1.2 A S CONCEPÇÕES DE EMPODERAMENTO ENVOLVENDO AS RELAÇÕES DE GÊNERO

1.2.3 Empoderamento e ação coletiva

38 Nesta corrente, o empoderamento abarca a emancipação política dos indivíduos por meio da ação coletiva, fortalecendo a ideia de ampliação da democracia. Em razão disso aponta-se para a atuação de mulheres e de homens como sujeitos constituintes da sociedade civil e como componentes de redes sociais com capacidade de criar novas institucionalidades e espaços participativos. Segundo Romano (2002), o processo de empoderamento que se desenvolve da ação coletiva deve advir das próprias pessoas e suas organizações que com apoio de outros grupos podem criar um ambiente favorável ao processo. Nesses termos, o autor coloca que as dimensões ideológicas e políticas devem ser levadas em conta diante de situações de dominação e opressão. Além disso, as relações de conflito e os desdobramentos do conflito devem ser compreendidos como um processo de mudança que se permeia em outras dimensões da vida de pessoas e grupos sociais envolvidos.

Nesta abordagem, Horochovski e Meirelles (2007) consideram o empoderamento como um processo político ativado por meio da ação coletiva de grupos organizados e em comunidades. A ação coletiva se mostra como uma das possibilidades para a construção de instrumentos de participação que lhes ofereçam voz, visibilidade e influência em processos de ação e decisão que dizem respeito aos seus interesses. Os autores apontam que para obtenção do poder de escolha em suas vidas, os sujeitos interessados em alterar condições de exclusão, as organizações, as instituições públicas e os movimentos sociais devem atuar em conjunto para a criação de novos espaços de poder e a inserção dos indivíduos naqueles espaços já existentes. Essa rede de relações sociais possui papel fundamental por trabalhar com temas de combate à exclusão, promoção dos direitos e do desenvolvimento local, tendo em vista a transformação das relações de poder nos níveis municipal, estadual e nacional.
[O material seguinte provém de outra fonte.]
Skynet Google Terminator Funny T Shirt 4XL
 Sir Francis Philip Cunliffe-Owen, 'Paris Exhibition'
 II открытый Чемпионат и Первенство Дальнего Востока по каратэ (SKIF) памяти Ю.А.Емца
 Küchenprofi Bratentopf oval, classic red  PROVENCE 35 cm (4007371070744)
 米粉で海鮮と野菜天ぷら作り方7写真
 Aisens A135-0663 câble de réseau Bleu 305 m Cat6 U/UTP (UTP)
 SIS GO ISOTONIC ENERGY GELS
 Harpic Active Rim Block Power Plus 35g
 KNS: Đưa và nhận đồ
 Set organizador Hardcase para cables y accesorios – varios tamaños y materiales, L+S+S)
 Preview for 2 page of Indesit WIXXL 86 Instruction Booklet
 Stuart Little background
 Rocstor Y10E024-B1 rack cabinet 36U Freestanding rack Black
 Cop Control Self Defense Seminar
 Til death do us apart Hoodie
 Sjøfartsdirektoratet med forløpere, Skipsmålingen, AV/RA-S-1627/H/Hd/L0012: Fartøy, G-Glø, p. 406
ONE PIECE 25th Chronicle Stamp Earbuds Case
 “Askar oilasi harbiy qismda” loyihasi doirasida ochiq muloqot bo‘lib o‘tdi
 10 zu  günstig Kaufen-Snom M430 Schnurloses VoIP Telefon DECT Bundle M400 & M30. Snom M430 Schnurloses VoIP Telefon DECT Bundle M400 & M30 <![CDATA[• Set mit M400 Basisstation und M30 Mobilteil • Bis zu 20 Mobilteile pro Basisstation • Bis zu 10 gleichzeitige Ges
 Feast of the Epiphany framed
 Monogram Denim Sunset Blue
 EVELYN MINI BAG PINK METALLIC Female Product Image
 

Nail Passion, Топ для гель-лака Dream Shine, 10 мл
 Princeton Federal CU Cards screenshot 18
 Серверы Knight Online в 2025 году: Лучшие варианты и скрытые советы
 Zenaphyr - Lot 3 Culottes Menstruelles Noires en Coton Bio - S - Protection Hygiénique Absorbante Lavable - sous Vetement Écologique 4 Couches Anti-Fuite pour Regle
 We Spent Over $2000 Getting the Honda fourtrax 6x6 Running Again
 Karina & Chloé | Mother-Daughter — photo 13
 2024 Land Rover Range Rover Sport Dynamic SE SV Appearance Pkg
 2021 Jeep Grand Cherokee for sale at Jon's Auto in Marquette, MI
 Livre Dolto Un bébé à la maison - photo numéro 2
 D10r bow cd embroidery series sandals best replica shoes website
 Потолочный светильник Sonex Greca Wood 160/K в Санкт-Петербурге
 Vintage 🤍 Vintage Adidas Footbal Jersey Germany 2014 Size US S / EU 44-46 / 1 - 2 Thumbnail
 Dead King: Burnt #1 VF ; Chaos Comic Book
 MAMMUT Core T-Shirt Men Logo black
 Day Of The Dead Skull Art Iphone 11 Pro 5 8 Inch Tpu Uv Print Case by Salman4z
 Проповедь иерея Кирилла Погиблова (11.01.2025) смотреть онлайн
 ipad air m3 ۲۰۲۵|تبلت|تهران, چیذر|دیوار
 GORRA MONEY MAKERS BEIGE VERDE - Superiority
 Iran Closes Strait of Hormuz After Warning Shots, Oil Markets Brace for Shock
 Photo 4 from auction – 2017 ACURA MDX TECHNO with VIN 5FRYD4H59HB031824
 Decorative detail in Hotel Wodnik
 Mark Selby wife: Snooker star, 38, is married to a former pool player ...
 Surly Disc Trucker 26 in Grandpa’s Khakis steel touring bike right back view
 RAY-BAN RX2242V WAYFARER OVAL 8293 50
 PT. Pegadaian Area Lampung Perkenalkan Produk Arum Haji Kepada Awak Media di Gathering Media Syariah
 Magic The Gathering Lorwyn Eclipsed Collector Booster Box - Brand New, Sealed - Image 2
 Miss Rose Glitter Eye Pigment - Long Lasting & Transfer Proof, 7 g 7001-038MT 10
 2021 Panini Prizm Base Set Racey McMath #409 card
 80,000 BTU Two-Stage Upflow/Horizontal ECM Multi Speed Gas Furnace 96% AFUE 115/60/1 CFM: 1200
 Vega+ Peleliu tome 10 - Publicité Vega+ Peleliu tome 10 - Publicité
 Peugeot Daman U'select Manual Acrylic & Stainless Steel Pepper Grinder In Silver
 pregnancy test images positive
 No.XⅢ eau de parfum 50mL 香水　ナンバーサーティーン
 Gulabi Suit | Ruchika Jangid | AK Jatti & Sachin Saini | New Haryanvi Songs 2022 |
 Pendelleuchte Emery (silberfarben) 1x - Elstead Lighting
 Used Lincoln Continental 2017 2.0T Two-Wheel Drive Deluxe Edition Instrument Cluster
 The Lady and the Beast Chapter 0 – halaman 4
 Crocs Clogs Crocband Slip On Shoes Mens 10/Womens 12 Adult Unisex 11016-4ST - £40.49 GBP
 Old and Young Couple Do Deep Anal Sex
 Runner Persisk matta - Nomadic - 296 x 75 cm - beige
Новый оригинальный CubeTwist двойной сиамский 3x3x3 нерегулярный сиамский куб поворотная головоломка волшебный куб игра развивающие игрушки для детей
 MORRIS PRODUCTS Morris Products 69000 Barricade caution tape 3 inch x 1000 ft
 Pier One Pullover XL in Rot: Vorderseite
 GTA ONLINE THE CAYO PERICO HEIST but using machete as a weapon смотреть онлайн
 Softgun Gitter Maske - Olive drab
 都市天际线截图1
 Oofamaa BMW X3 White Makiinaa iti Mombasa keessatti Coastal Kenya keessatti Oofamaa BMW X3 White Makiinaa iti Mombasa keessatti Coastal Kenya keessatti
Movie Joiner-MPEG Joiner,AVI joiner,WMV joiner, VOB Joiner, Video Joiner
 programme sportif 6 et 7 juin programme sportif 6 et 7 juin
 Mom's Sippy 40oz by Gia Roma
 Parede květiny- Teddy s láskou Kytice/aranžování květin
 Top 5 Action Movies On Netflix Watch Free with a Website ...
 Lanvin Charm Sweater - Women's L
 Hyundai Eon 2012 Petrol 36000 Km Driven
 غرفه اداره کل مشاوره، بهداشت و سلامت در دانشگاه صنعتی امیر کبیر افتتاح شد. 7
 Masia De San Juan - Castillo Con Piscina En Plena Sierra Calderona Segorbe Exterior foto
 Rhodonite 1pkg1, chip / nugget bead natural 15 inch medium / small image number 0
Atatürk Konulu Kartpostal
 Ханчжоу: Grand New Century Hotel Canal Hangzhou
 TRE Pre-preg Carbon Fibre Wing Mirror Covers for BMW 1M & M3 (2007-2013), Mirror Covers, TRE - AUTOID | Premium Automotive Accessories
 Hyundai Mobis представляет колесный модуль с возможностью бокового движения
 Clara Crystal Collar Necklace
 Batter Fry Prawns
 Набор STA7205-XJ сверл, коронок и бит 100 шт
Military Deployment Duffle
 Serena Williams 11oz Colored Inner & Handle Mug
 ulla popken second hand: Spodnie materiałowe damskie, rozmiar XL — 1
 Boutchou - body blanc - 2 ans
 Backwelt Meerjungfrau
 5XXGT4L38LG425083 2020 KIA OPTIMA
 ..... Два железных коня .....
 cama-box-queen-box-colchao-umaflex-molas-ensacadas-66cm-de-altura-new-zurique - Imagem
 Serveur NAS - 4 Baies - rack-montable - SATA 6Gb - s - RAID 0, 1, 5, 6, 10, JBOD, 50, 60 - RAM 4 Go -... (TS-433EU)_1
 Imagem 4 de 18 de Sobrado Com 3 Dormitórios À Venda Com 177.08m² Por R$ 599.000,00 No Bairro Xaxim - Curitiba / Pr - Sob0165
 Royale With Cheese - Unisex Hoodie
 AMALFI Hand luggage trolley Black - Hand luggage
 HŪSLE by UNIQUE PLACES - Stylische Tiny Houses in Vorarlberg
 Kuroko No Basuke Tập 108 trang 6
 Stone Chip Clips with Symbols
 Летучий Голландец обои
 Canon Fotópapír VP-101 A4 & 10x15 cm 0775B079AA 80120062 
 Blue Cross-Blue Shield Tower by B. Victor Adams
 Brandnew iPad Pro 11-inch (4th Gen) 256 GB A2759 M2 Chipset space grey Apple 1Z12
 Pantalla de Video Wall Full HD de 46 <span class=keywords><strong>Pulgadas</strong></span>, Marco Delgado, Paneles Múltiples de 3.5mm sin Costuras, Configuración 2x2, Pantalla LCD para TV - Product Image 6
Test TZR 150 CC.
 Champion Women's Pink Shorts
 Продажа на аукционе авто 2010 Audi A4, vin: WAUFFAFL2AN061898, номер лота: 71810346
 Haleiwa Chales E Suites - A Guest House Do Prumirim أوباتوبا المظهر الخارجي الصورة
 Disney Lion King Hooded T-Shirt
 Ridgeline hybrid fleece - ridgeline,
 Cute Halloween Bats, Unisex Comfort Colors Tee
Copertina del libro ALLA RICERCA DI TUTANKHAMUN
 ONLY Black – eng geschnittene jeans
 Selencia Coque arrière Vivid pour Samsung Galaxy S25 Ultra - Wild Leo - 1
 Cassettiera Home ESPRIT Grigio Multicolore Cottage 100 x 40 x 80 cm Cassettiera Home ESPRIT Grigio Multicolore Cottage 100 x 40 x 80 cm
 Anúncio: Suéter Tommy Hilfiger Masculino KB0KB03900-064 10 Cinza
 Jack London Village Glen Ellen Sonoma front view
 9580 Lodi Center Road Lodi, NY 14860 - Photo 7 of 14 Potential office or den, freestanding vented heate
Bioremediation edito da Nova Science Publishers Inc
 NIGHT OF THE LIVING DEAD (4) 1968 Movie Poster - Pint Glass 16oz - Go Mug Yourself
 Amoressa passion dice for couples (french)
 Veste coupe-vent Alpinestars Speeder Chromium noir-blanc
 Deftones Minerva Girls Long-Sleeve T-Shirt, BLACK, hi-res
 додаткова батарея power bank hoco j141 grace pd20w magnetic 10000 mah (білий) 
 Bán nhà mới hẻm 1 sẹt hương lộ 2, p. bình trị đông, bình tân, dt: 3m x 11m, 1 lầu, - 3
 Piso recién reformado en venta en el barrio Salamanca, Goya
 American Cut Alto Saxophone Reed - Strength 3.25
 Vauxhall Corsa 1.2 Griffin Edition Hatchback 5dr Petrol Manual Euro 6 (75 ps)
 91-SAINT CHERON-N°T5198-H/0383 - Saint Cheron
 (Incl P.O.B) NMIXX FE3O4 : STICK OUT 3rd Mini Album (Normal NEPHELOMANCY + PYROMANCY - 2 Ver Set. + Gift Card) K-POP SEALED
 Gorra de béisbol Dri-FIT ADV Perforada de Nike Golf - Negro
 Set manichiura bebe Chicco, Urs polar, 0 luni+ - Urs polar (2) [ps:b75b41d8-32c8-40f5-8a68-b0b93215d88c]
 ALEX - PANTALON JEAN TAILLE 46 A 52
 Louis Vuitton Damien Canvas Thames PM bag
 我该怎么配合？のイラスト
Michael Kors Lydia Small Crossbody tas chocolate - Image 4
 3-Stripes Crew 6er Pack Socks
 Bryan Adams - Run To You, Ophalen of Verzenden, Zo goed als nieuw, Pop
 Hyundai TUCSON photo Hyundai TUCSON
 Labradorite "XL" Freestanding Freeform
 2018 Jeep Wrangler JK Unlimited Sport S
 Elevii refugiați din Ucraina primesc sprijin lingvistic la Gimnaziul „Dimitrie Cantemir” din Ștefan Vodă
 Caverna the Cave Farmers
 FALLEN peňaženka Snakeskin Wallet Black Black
Mediante estas ponderações Horochovski e Meirelles (2007, p. 494) esclarecem que ao se analisar o empoderamento e as suas categorias correlatas, como autonomia e emancipação, deve-se pensar que “(...) nunca se é totalmente autônomo ou emancipado (tampouco empoderado), pois todos os que vivem numa sociedade defrontam-se com coerções maiores ou menores”. Mas em termos de operacionalização das variáveis do empoderamento os autores apresentam algumas dimensões semelhantes as que já foram apresentadas anteriormente. O empoderamento individual articularia o indivíduo como detentor de recursos que permitam controlar suas vidas e decisões. Este nível vincula-se às condições psicológicas, auto estima, experiências vividas individualmente e relacionadas com os demais membros da família, comunidade. De acordo com os autores “(...) esta situação

39 ocorre muitas vezes com lideranças que saem positivamente em fóruns participativos e que aprendem a participar participando e se posicionam nas esferas públicas e coletivas” (HOROCHOVSKI E MEIRELLES, 2007, p. 495).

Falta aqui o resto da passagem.